Le Mois le plus long. Ramadan à Istanbul, de François Georgeon, CNRS Editions, 348 p., 25 €.
Les Istanbuliotes l’appellent « le sultan des mois ». Le mois du ramadan – ramazan, en turc –, le neuvième de l’année lunaire, est aux yeux des musulmans le plus saint, celui où, lors de la « nuit du destin », le Coran fut révélé à Mahomet. Mois de l’abstinence pendant le jour, il est aussi la nuit, dès la fin du jeûne, celui des grandes retrouvailles familiales et sociales. « Pour l’historien, étudier un rite comme celui du ramadan équivaut à une sorte de défi ou, pour mieux dire, fournit une occasion idéale pour étudier le changement, c’est-à-dire le mouvement même de l’histoire », écrit François Georgeon, directeur de recherches émérite au CNRS et auteur de nombreux travaux sur la fin de l’Empire ottoman et la République « kémaliste ».
En racontant le ramadan à Istanbul depuis le milieu du XIXe siècle et le début des réformes ottomanes jusqu’à aujourd’hui, il raconte les mutations de la Turquie dans son rapport à la religion et dans les représentations qu’elle se donne d’elle-même. Pour cela, l’historien se plonge dans les textes de l’époque, les journaux locaux, les récits de voyageurs, les chroniques familiales, et analyse les mouvements qui traversent les profondeurs d’une ville qui, par sa taille (400 000 habitants en 1800, un million en 1900 et plus de 15 millions aujourd’hui), était et reste un gigantesque laboratoire social. En outre, jusqu’au début du XXe siècle, y vivaient de nombreuses minorités non musulmanes, Grecs, Arméniens, juifs, etc. : le mois de ramadan est aussi un révélateur de l’état des relations intercommunautaires.
Porteur d’une grande symbolique politique
Au milieu du XIXe siècle, le « mois le plus long » a un rôle central dans la société ottomane. « A la fois carême et carnaval », note alors Gérard de Nerval : les écrivains voyageurs occidentaux sont fascinés. « Chaque vingt-quatre heures, tout se mêle, jeûnes et festins, dévotions et amusements, ferveur et liesse, religieux et profane », raconte François Georgeon. Ce mois est aussi celui d’une transgression toujours plus évidente au fil des ans, où les femmes, bien qu’accompagnées, sortent de leur réclusion pour assister à des spectacles. Moment de liberté, il est aussi porteur d’une grande symbolique politique. C’est l’occasion pour le sultan – notamment avec Abdülhamid II, qui régna de 1876 à 1909 – de mettre en scène la dimension califale, c’est-à-dire religieuse, de son pouvoir.
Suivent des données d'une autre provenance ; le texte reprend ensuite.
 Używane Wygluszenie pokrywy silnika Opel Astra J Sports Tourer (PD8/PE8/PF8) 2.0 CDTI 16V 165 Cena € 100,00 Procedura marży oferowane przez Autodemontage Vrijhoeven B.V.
Après le renversement de cet autocrate, le ramadan devint un moment d’intenses débats politiques. Les Jeunes-Turcs au pouvoir, partisans d’une occidentalisation accélérée, demandent aux imams d’expliquer la nouvelle constitution dans leurs prêches. Ils s’affrontent aux conservateurs, pour qui l’éloignement de la tradition et l’affaiblissement de l’islam – dont est le symptôme la baisse de la pratique du jeûne pendant le ramadan – sont les vraies causes de la décadence de l’Empire.
La défaite de 1918, l’occupation d’Istanbul par les Alliés, la guerre d’indépendance puis la proclamation par Mustafa Kemal, en 1923, d’une République inspirée du modèle jacobin, entraînent le déclin de cette fête. Fumer et manger pendant le ramadan est une manière d’afficher sa modernité. Ce n’est même plus un délit avec l’entrée en vigueur du nouveau code pénal, en 1926. Le pouvoir républicain « turquise » l’islam, imposant l’appel à la prière en turc. Cette laïcité, imposée d’en haut à une société largement réticente, voire hostile, compose néanmoins avec le ramadan, qui reste une fête officielle comme le sont Pâques ou Noël en Occident. Jamais les autorités ne mènent campagne contre le jeûne, comme le fera par exemple Bourguiba en Tunisie. Mais ce mois a perdu son caractère sacré et du même coup son importance – du moins jusqu’aux années 1980.